§ **Exercise prompt**: What follows is a listing to transcribe exactly, leaving the pictures out.

§ **Recorded information**:
____________

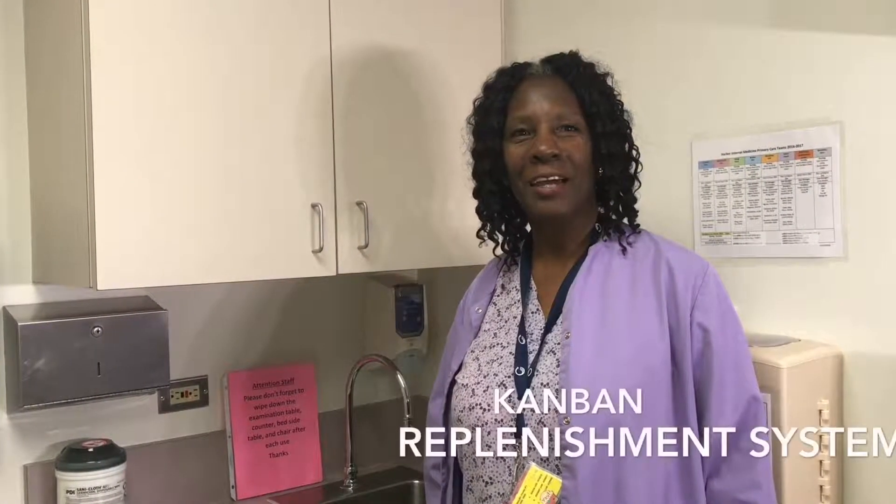Hi, my name is Terri. I work at Harvard UCLA Medical Center in the General Medicine Clinic. Today I'm going to show you the steps of the replenishing system that we have here in the clinic.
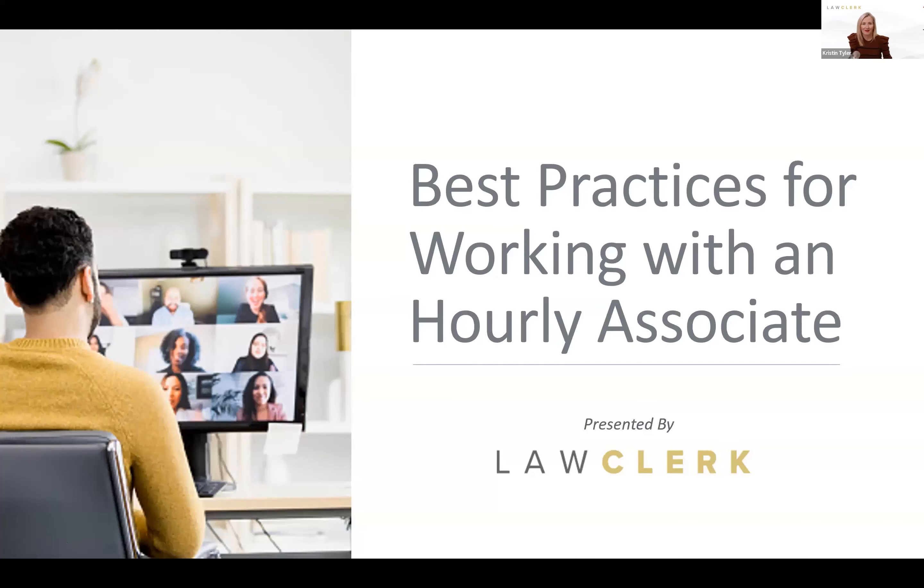Today's topic is best practices for working with an hourly associate. Hopefully by now you've heard about Law Clerk's latest offering — our latest option to hire the help you need — and we call that program Hourly Associate. I'm going to go into some details about what that is and how it works, but I also want to share some general information about what's going on with legal outsourcing and how attorneys are getting help to power their firms.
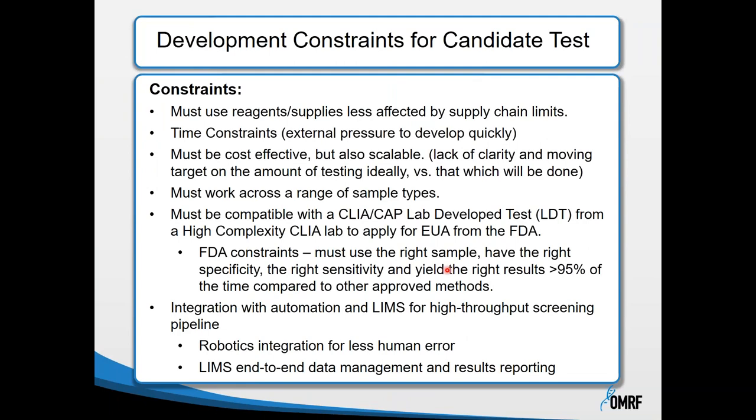Development constraints included using reagents and supplies less affected by supply chain limits. There were time constraints and external pressure to develop quickly. We also needed the platform to be cost-effective and scalable, though there continues to be a moving target on the amount of testing needed—from thousands to more than thousands of tests per day. The platform must also work across a range of sample types.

____________

§ **Your response**:
Hi, my name is Terri. I work at Harvard UCLA Medical Center in the General Medicine Clinic. Today I'm going to show you the steps of the replenishing system that we have here in the clinic.
Today's topic is best practices for working with an hourly associate. Hopefully by now you've heard about Law Clerk's latest offering — our latest option to hire the help you need — and we call that program Hourly Associate. I'm going to go into some details about what that is and how it works, but I also want to share some general information about what's going on with legal outsourcing and how attorneys are getting help to power their firms.
Development constraints included using reagents and supplies less affected by supply chain limits. There were time constraints and external pressure to develop quickly. We also needed the platform to be cost-effective and scalable, though there continues to be a moving target on the amount of testing needed—from thousands to more than thousands of tests per day. The platform must also work across a range of sample types.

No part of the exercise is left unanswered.